## WHAT YOU ARE ASKED TO DO
Word for word, write out the entries that follow, omitting all pictures.

## SUPPLIED DATA
************
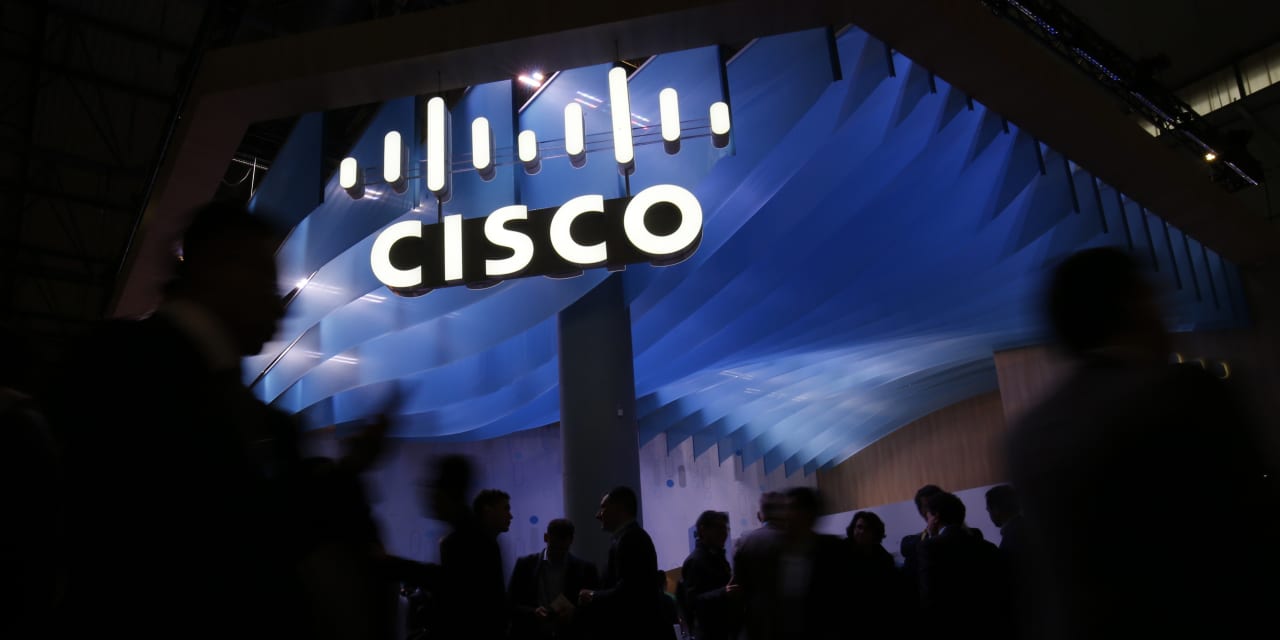 Cisco Systems’ stock dips on lowered guidance, 5% job cuts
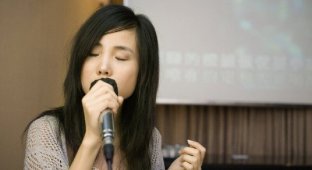 В китайских караоке запретили идейно вредные песни (3 фото)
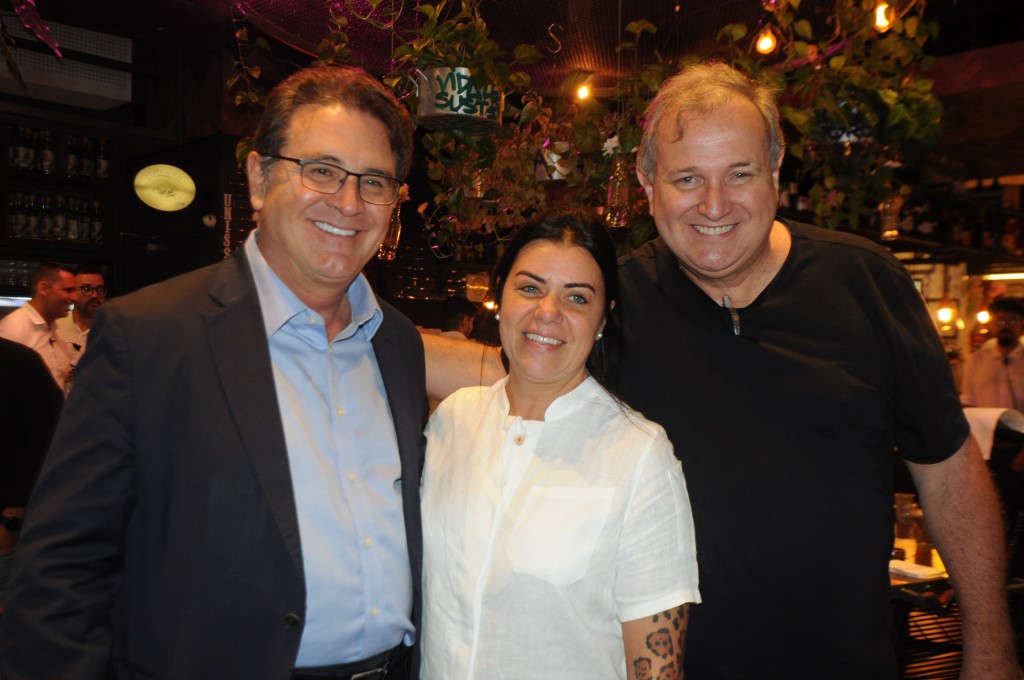 Vinicius Lummertz, secretário de Turismo de SP, Janaina Rueda, da Casa do Porco, e Georges Schnyder, do Mundo Mesa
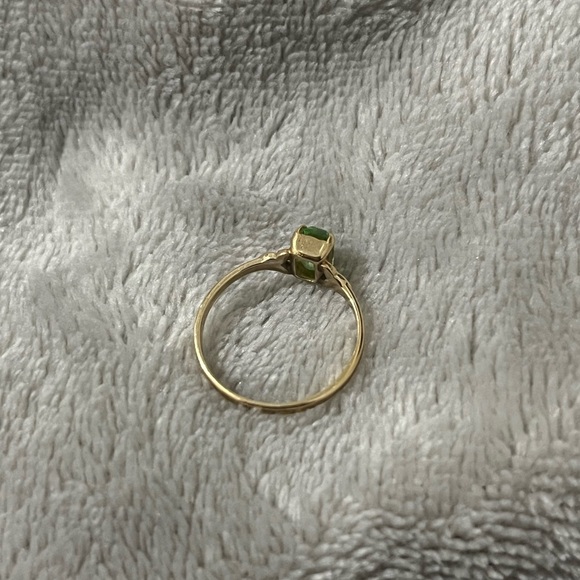 10K YG Green Prasiolite Solitaire Ring in 10k Yellow Gold .50ct Size 4 - Picture 6 of 6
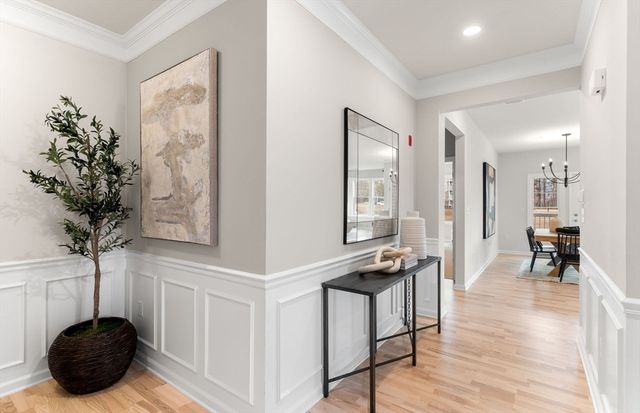 5 Peters Farm Way 206, Westborough, MA 01581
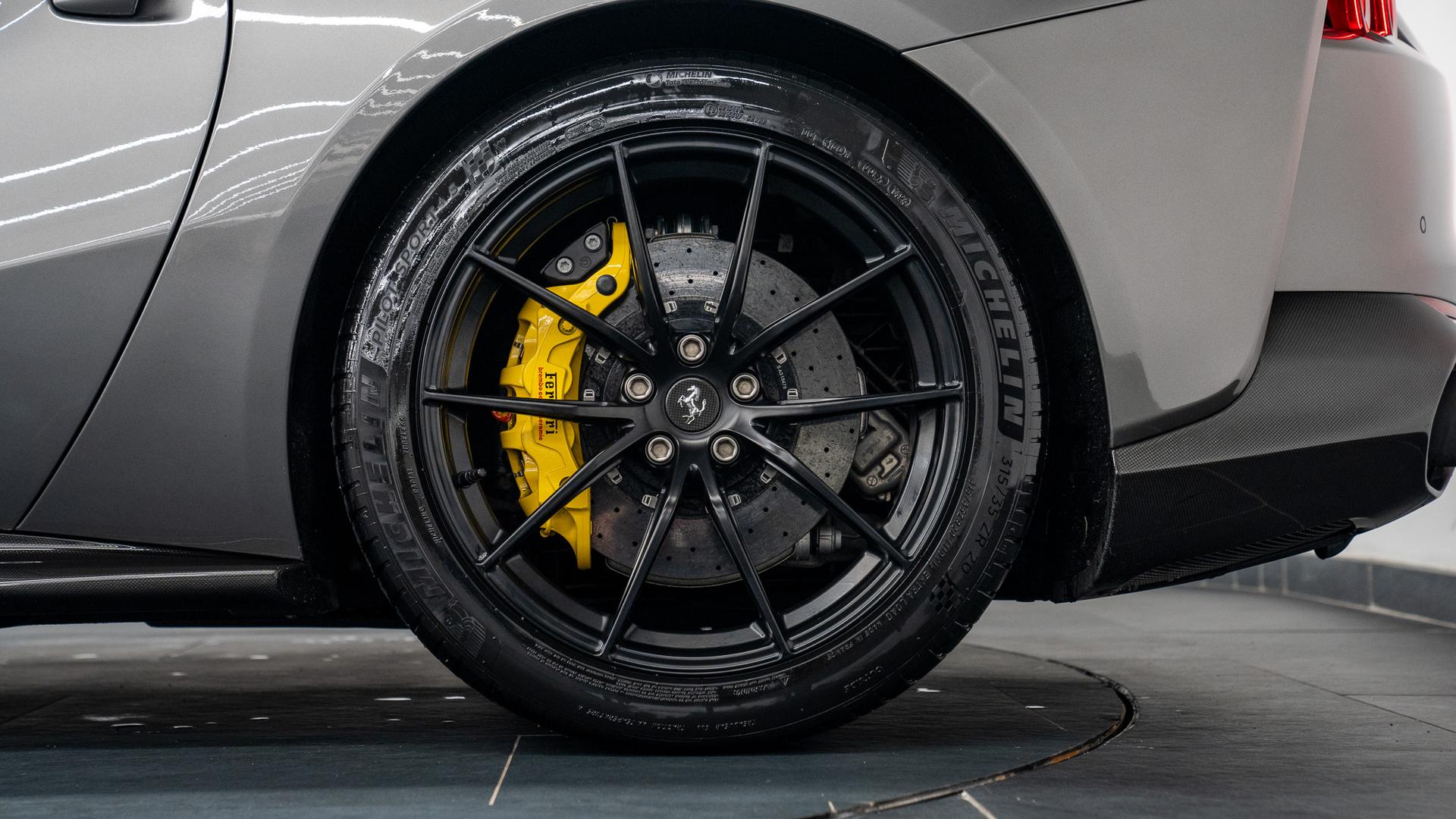 Ferrari 812 Photo 2a7a9072-b821-4f6e-a84d-9580ac631732.jpg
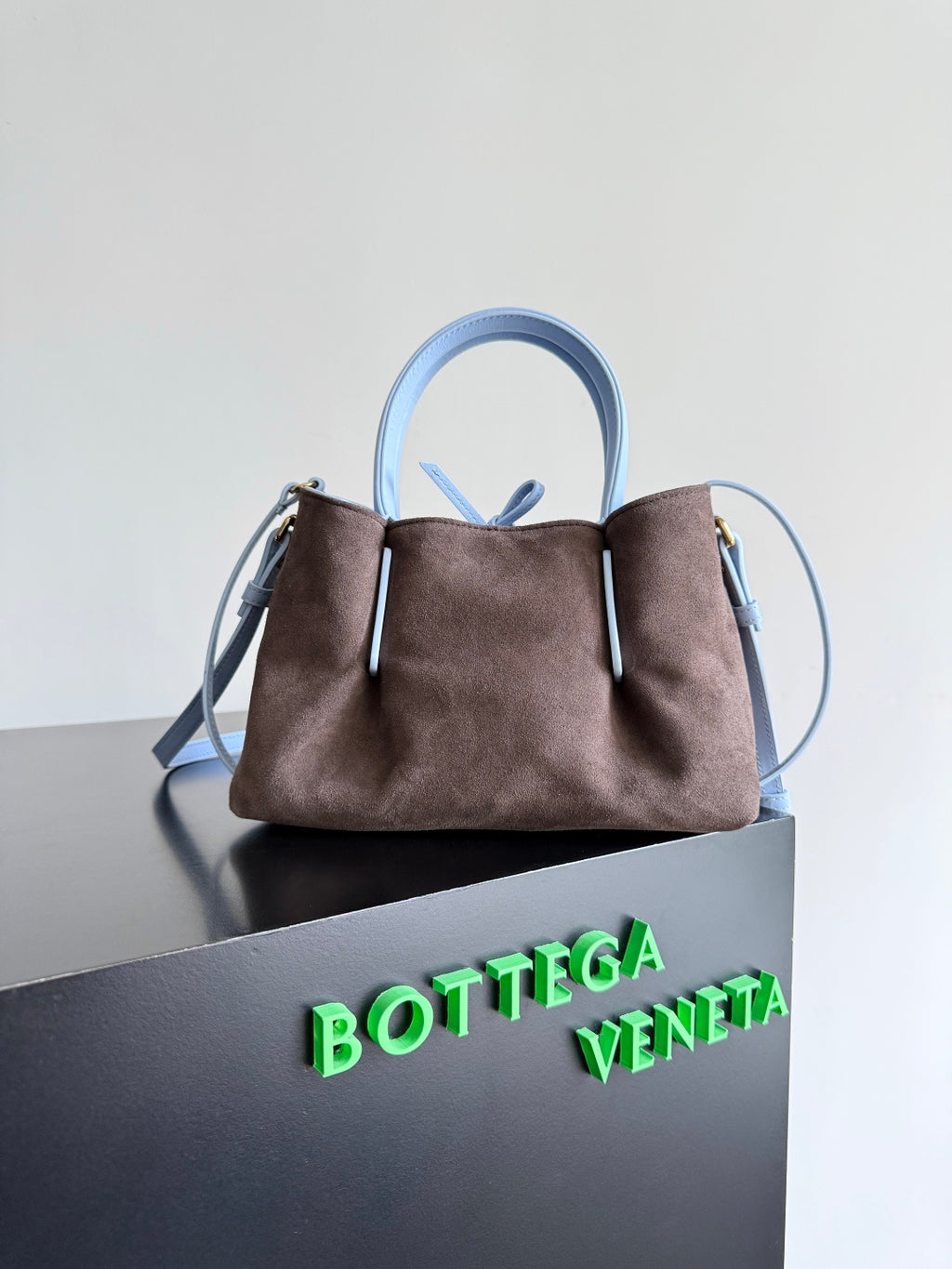 Bottega Veneta 819004 Black Designer Handbag Edition 2 - detail image 3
************
## ANSWER TO THE EXERCISE
 Cisco Systems’ stock dips on lowered guidance, 5% job cuts
 В китайских караоке запретили идейно вредные песни (3 фото)
 Vinicius Lummertz, secretário de Turismo de SP, Janaina Rueda, da Casa do Porco, e Georges Schnyder, do Mundo Mesa
 10K YG Green Prasiolite Solitaire Ring in 10k Yellow Gold .50ct Size 4 - Picture 6 of 6
 5 Peters Farm Way 206, Westborough, MA 01581
 Ferrari 812 Photo 2a7a9072-b821-4f6e-a84d-9580ac631732.jpg
 Bottega Veneta 819004 Black Designer Handbag Edition 2 - detail image 3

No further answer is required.